The use of 3D image stereo correlation in combination with a physiological biomechanical simulation model to analyze strain patterns and displacement in AW research was described before [23, 28, 29]. However, the combination with a dynamic simulation device has not been demonstrated yet, and provides insights into the biomechanics of the sutured AW.

The midline closure part demonstrates the possibility to visualize strain patterns around the incision and the suture points.
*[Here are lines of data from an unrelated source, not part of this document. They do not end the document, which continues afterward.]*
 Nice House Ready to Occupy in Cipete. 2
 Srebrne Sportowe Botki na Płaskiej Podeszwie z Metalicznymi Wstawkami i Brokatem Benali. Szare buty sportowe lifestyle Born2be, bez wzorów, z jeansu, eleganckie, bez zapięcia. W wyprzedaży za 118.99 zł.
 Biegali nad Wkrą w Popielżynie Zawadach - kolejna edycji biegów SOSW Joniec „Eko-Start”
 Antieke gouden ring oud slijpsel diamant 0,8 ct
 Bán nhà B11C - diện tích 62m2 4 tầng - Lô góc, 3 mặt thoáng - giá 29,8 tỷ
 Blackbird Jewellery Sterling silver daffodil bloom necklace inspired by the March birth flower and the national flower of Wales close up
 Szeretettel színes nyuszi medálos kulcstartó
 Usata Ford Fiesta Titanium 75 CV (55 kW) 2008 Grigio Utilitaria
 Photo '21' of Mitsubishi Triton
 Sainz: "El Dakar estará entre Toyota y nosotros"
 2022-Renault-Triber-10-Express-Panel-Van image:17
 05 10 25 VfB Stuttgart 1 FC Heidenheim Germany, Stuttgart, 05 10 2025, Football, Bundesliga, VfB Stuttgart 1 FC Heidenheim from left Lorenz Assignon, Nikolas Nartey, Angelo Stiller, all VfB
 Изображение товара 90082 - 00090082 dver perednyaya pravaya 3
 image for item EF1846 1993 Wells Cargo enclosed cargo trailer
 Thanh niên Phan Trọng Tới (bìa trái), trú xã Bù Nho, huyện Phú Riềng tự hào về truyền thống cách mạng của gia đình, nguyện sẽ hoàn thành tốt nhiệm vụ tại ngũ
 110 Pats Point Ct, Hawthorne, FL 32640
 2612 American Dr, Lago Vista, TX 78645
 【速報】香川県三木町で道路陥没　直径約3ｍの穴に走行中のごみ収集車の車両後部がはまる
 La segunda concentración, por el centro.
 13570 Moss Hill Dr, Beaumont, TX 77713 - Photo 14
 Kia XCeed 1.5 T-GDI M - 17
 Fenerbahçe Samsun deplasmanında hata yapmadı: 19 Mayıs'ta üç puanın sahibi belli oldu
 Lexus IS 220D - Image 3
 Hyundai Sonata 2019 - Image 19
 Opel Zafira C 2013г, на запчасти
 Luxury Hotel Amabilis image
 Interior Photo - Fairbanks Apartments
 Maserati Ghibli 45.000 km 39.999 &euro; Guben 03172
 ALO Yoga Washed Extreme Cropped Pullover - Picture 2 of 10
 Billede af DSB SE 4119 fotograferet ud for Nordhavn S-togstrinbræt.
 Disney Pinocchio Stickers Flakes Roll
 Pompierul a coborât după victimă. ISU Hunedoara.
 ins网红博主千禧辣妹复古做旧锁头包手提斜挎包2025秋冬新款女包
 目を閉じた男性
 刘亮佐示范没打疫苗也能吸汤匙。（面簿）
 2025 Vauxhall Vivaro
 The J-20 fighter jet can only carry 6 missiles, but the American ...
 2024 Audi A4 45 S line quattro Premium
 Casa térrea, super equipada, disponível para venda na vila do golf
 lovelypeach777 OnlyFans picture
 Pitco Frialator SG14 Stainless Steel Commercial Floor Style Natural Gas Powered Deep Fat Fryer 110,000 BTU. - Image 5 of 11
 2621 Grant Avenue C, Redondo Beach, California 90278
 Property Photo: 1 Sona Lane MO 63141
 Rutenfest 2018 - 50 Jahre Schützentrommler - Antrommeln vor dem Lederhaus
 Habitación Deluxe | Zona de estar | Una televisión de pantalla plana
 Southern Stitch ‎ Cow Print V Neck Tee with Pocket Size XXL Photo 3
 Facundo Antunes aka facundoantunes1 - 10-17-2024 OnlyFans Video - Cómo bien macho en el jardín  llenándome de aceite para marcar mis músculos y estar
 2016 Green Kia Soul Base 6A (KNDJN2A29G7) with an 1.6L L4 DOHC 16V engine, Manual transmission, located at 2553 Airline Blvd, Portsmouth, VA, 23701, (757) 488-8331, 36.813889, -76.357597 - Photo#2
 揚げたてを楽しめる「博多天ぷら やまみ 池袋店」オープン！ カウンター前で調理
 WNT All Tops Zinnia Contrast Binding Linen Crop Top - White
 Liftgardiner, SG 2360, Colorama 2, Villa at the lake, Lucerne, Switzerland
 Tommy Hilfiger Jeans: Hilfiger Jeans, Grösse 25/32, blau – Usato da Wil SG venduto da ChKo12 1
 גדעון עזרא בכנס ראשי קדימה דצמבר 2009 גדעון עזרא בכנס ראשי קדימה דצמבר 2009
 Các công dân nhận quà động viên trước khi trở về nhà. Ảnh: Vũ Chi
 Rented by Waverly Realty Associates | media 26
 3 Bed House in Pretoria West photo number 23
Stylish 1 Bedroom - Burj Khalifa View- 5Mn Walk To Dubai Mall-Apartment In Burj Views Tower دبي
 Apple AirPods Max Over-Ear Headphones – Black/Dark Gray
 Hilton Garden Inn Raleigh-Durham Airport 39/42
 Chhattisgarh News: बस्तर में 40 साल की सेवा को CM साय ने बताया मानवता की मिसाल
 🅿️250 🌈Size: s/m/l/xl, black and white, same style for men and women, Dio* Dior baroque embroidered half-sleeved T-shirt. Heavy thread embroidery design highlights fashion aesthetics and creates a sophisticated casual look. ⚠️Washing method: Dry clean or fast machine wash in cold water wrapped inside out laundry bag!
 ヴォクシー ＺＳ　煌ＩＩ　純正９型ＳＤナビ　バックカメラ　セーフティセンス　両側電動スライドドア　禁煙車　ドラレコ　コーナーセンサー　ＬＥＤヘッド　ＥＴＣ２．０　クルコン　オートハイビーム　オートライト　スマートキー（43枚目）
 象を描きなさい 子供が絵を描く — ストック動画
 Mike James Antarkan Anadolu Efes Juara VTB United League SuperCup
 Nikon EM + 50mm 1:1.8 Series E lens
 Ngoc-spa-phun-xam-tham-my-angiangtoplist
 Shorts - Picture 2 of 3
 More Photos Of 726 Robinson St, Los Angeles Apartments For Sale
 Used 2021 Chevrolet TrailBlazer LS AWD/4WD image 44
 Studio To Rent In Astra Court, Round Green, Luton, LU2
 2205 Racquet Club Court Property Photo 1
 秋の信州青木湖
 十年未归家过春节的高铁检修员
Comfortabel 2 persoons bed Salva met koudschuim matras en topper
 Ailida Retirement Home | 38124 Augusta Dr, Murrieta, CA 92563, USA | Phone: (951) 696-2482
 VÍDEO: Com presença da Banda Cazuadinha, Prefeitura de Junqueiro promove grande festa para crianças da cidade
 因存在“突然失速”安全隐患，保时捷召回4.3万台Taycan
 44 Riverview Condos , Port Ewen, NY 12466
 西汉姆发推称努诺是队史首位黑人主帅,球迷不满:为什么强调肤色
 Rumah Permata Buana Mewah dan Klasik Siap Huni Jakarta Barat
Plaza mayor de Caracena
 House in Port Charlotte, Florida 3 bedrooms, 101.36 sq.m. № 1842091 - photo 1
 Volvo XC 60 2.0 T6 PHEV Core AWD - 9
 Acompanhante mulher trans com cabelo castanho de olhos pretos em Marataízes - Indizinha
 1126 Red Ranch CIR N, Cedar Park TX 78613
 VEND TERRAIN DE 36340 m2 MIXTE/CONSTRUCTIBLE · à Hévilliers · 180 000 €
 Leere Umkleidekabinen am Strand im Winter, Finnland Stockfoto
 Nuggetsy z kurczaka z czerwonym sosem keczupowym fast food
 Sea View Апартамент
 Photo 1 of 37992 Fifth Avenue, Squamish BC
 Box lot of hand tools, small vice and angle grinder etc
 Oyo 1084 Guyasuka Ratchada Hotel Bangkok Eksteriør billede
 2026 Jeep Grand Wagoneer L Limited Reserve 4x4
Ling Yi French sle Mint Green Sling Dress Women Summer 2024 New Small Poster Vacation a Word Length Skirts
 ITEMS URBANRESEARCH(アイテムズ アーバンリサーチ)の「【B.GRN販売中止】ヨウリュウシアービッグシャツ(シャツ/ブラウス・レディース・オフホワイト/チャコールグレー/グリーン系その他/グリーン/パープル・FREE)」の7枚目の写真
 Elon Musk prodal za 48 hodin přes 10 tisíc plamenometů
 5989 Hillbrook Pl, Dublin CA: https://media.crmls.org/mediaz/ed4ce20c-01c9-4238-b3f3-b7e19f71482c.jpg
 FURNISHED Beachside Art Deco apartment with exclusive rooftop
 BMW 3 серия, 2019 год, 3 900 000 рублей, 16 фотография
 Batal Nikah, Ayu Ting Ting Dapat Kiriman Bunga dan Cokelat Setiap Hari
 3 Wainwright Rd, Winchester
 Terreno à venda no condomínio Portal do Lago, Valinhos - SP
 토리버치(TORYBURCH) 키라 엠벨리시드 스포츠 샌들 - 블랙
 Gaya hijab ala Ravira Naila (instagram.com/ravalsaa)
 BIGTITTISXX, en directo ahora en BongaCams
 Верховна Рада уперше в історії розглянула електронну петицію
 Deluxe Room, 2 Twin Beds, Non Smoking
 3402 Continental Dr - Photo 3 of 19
Using a combination of the three criteria described previously, it might be possible to investigate different closure modalities and to find an optimal laparotomy closure modality from a biomechanical standpoint. The criteria used in this part show consistent test results when repeating test cycles with different samples. Therefore, they can be used to compare different suture modalities (i.e., bite sizes).

The next step in this research field will be the systematic testing of different midline closure modalities using both the ‘AbdoMAN’ and the 3D image stereo correlation system. In the future, human cadaveric AW or porcine AW could also be used with the ‘AbdoMAN’ device. For this purpose, additional experiments will be needed to check if the criteria used to compare modalities on synthetic AW will still be relevant using biological tissue.

When this next step has been completed, the ‘AbdoMAN’ can be used in experiments in which (cough) cycles are being repeated numerous times. This will reflect the physiological situation in which incisional hernias develop over time after a longer period of repeated, intermitting stress.

When more will be known about strain and displacement data interpretation, the ‘AbdoMAN’ may be used for future research on finding new, ideal suture modalities. Moreover, different suture materials (such as elastic or barbed sutures) or mesh augmentation could be investigated using the ‘AbdoMAN’. Even more challenging and interesting would be the creation and closure (with or without mesh) of AW defects to investigate different treatment modalities.

Finally, the ‘AbdoMAN’ could provide an easily accessible tool for training of laparotomy closure and hernia repair. For example, the effect of a suboptimal closure technique performed by a trainee could be directly evaluated.

To our opinion, the complete test setup can be reproduced at other sites, enabling standardized, simultaneous experiments or teaching settings throughout one (or more) countries.

The ‘AbdoMAN’ has limitations. It is not possible to simulate tissue healing, as it is a mechanical simulator.

One other limitation is the fact that in this setup, although the stiffness of the synthetic materials was set up to mimic active tissue, the AW does not reproduce the material properties changes driven by the contraction. This might result in different phenomena.

Also, the synthetic AW consists of two components to provide both the strength and flexibility needed to simulate the human AW features. This may react differently than the human linea alba, consisting only of connective tissue. The dimensions of the sample, comparable to a human AW, but five times thicker than a fascia [30], the friction between the sample and the artificial abdominal cavity could as well be limitations.

Some variance was found in IAP and strain data, which might be explained by slight stiffness differences observed between synthetic abdominal walls.

Conclusion

The ‘AbdoMAN’ could become a promising alternative to or complement for animal and clinical studies on AW closure techniques. The device showed reliable and repeatable results. A first experiment to analyze laparotomy closure demonstrated the possible application of the ‘AbdoMAN’ device. Future research will evaluate different closure modalities on both synthetic and human or porcine AW to find out more about the underlying mechanisms that drive the biomechanics of laparotomy closure and incisional hernia repair.